The Williams Fork Fire is human-caused and began burning Aug. 14. The fire has grown to 10,813 acres and is 3 percent contained. Despite hot temperatures, the fire didn’t have any major growth over the weekend. Fire crews say the fire will likely be on the landscape for long time due to the standing dead timber, beetle killed trees and very dry vegetation. These fuels will easily burn when winds push the fire over these areas which will create additional containment challenges.

Map of Williams Fork Fire

Cameron Peak Fire

Courtesy: FOX31 KDVR

The Cameron Peak Fire, just west of Fort Collins, started burning on Arapaho and Roosevelt National Forests on Aug. 13. It’s burning in rugged terrain and has grown rapidly from hot, windy and mostly dry weather. The fire has charred 18,287 Acres and is not contained as of Sunday at 6:30 p.m.

Map of Cameron Peak Fire

Winds will continue to help fire movement east toward Comanche Peak. Crews are watching the risk of the fire to spread down Hwy 14 and Poudre Canyon. Not much relief is expected with hot temps, low humidity and isolated storm activity.
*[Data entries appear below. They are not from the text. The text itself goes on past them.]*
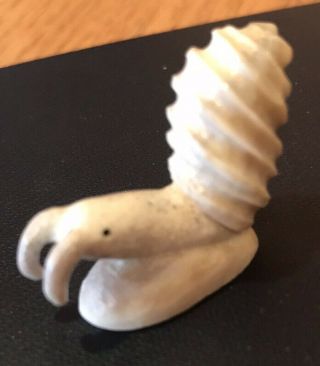 Zuni Hand - Carved Antler Snail With Shell Fetish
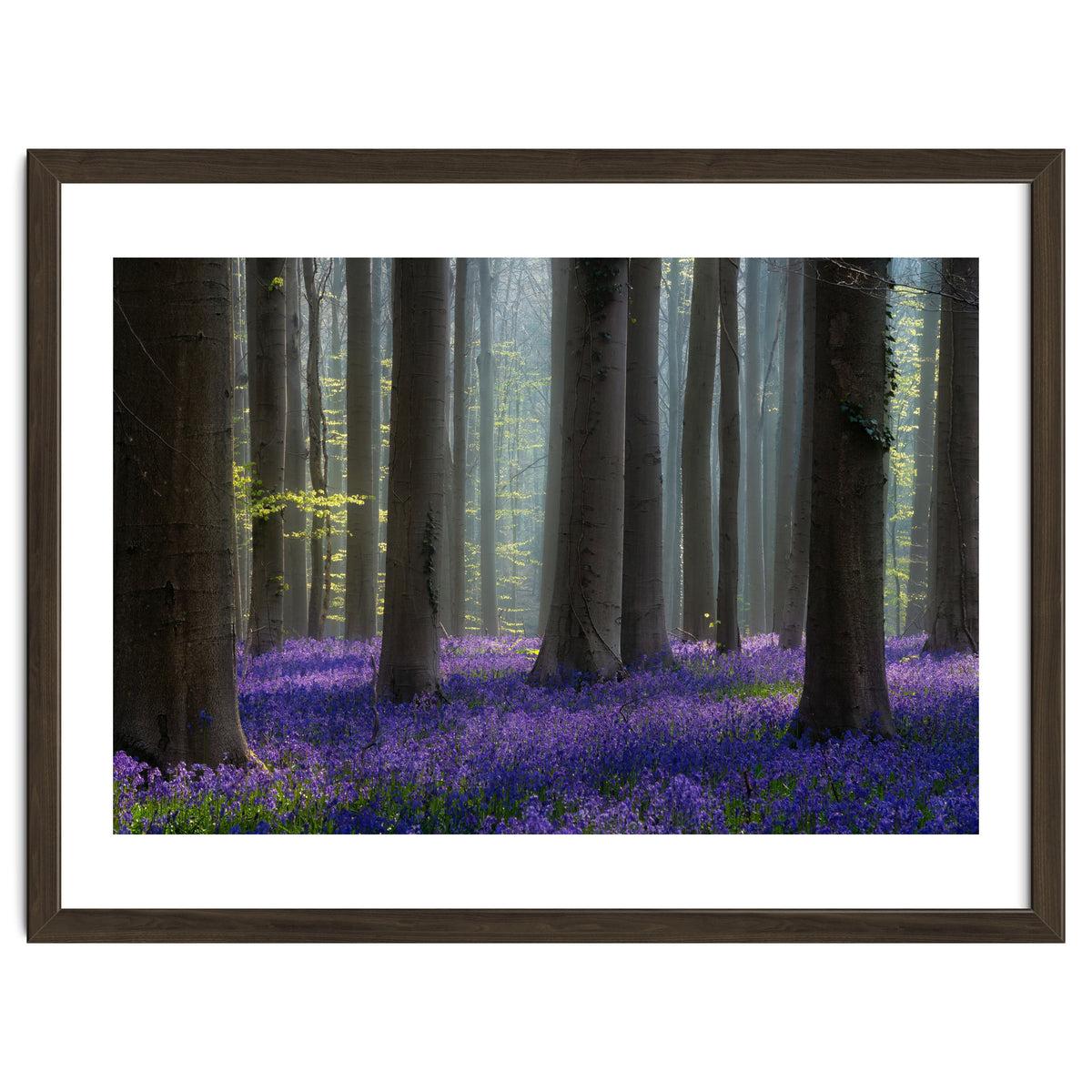 Bluebell forest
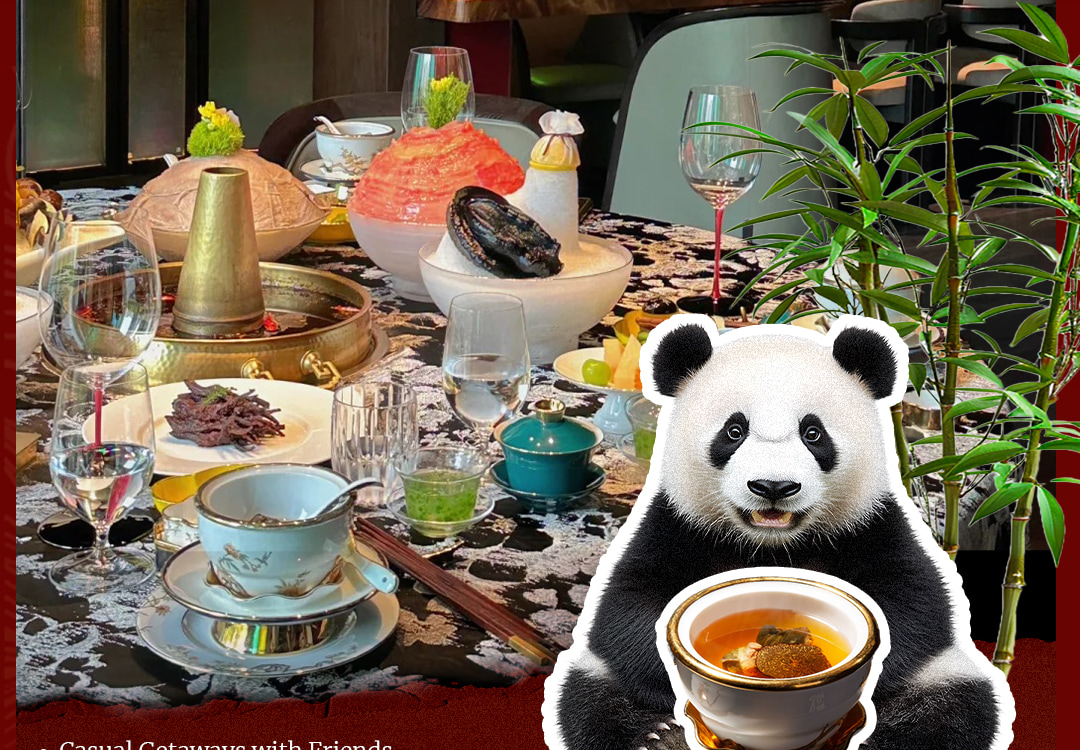 Noble Taste·Turtle Hotpot | Youfang Store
On Friday, August 21st, a special meeting was called by the Pikes Peak Region Wildfire Preparedness Group to discuss the present fire danger in the area and if the current fire restrictions are adequate. The group is looking at the forecasted hot weather trends, the large fires burning within the State, local fuel moisture readings, and the availability of resources if a fire starts in the area.

CSFD will host a press conference about these conditions Monday at 9:30 a.m.